Exploring the Compiler

For my own education and fun times, I’m exploring the compiler, with a particular eye for incremental compilation. I don’t have a realistic expectation of delivering it, but I’m curious what obstacles I’ll run into along the way, and at the very least will have a deeper appreciation for the crystal core team :)

As a starting point, my first goal is to see if I could build something in my first point from this post, specificaly:

A new crystal tool that adds missing typing information to methods after type inference is complete (would operate similarly to the existing format crystal tool in my mind) to quickly add typing everywhere it’s needed.

For my trivial case, I’m using this basic crystal program as my proof-of-concept:

def hello!
    "Hello World!"
end

puts hello!

With the inferred type String as the intended type for that hello! method.

Using the good ol’ print debugging method, I’ve discovered:

  • The Program object is the container for all parsed and processed compiler data
  • Running program.semantic on the parsed code is where all of the semantic logic and inference gets applied.
  • After running semantic, there are two variables on it that contain references to the "hello! definition: defs and def_instances
  • program.defs (which is nillable) contains a reference to the parsed function definition → program.defs.not_nil!["hello!"]. This is actually an array of DefWithMetadata, with DefWithMetadata#def being the actual definition.
  • Since the function definition has no return type, program.defs.not_nil!["hello!"][0].def.return_type returns nil
  • program.def_instances contains the actual invocations / resolved definitions, but uses a DefInstanceKey as the key, which (among other properties, uses the def_object_id as the main part of the key.
  • This little blurb gets the resolved type for the hello! function:
# This is inefficient, but whatever
key = program.def_instances.keys.find! do |k| 
  k.def_object_id == program.defs.not_nil!["hello!"][0].def.object_id 
end
program.def_instances[key].return_type # => nil
program.def_instances[key].type # => String

Some additional experimentation along those lines shows the same type of inferencing and typing happens on the method arguments as well, woot! My next step will be a rudimentary tool as a first stab at the above quote block. As an aside, finding a way to serialize and deserialize from file the Program object is probably where incremental compilation would need to explore more.
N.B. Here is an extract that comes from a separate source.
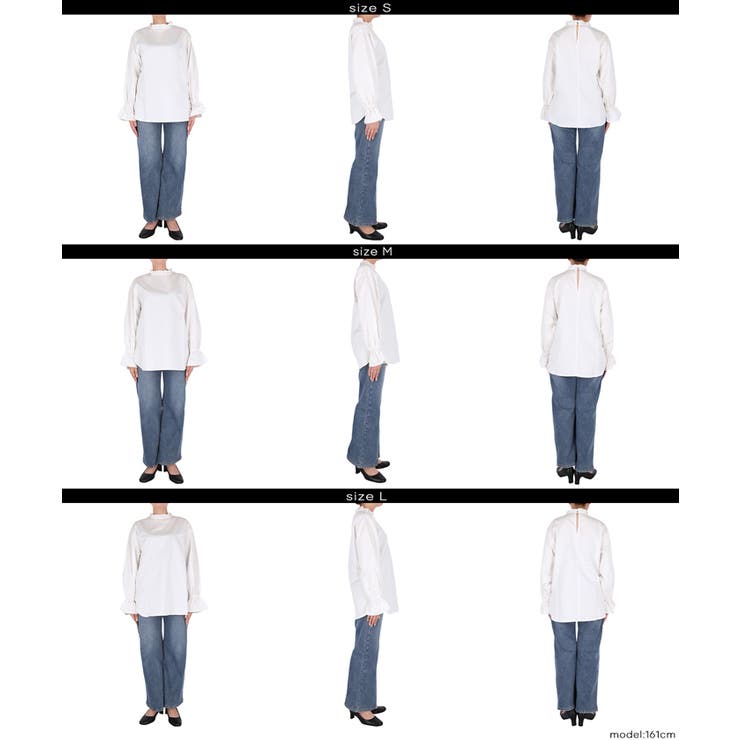 スタンドフリルブラウス レディース | coca | 詳細画像22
I actually don’t know what I intended with this post - I think I started it as a place to post questions about the internals of the compiler, but as I typed them out, I came up with new experiments to learn those answers on my own. So now I’ll use it as a mini-brain dump and very rough “documentation” on how the compiler works for anyone else (including future me) to learn from.

Hope it helps someone! :grin:

6 Likes

How would this tool be effected by macros? I see a potential problem if a macro adds a type/method/whatever that isnt actually in the user written code and generated at compile time. For example, a method might have an untyped argument, but a macro creates a type that ultimately ends up as the untyped argument. This would mean that the tool may try to fill in a type that won’t exist next compile…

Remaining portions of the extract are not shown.